Pier and colleagues recently published a study purporting to address the reliabiliy of the NIH peer review process. From the summary:
We replicated the NIH peer-review process to examine the qualitative and quantitative judgments of different reviewers examining the same grant application. We found no agreement among reviewers in evaluating the same application. These findings highlight the subjectivity in reviewers’ evaluations of grant applications and underscore the difficulty in comparing the evaluations of different applications from different reviewers—which is how peer review actually unfolds.
This thing is a crock and yet it has been bandied about on the Twitts as if it is the most awesome thing ever. "Aha!" cry the disgruntled applicants, "This proves that NIH peer review is horrible, terrible, no good, very bad and needs to be torn down entirely. Oh, and it also proves that it is a super criminal crime that some of my applications have gone unfunded, wah."

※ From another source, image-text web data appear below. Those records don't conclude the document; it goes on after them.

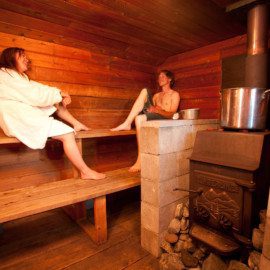 Tutka Bay Wilderness Lodge offers luxurious amenities including a wood fired sauna.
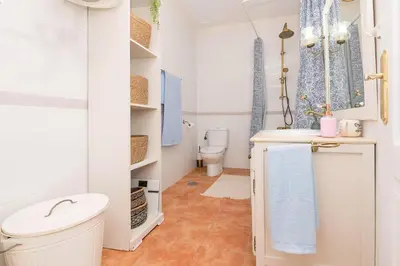 a bathroom with a toilet and a sink at Starlight in Cádiz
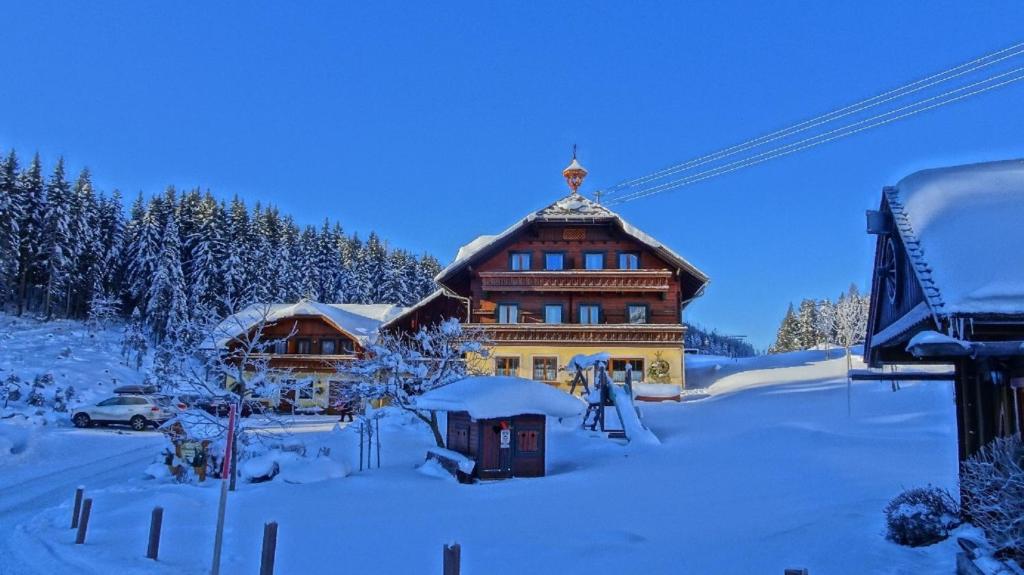 eine Ski-Lodge im Schnee davor in der Unterkunft Pension-Greimelbacherhof in Ramsau am Dachstein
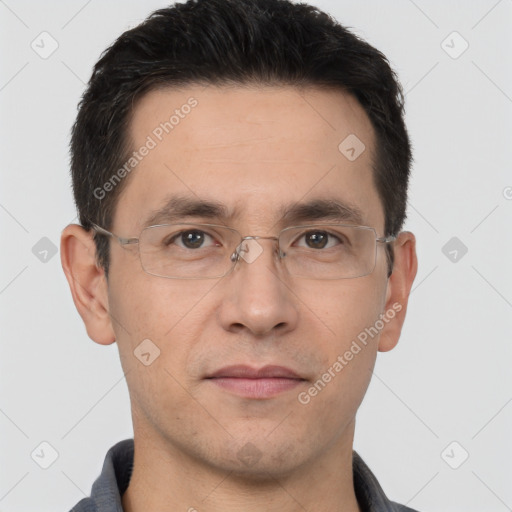 Joyful white adult male with short  brown hair and brown eyes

A smaller set of voices expressed perplexed confusion. "Weird", we say, "but probably our greatest impression from serving on panels is that there is great agreement of review, when you consider the process as a whole."
So, why is the study irretrievably flawed? In broad strokes it is quite simple.
Restriction of the range. Take a look at the first figure. Does it show any correlation of scores? Any fair view would say no. Aha! Whatever is being represented on the x-axis about these points does not predict anything about what is being represented on the y-axis.
This is the mistake being made by Pier and colleagues. They have constructed four peer-review panels and had them review the same population of 25 grants. The trick is that of these 16 were already funded by the NCI and the remaining 9 were prior unfunded versions of grants that were funded by the NCI.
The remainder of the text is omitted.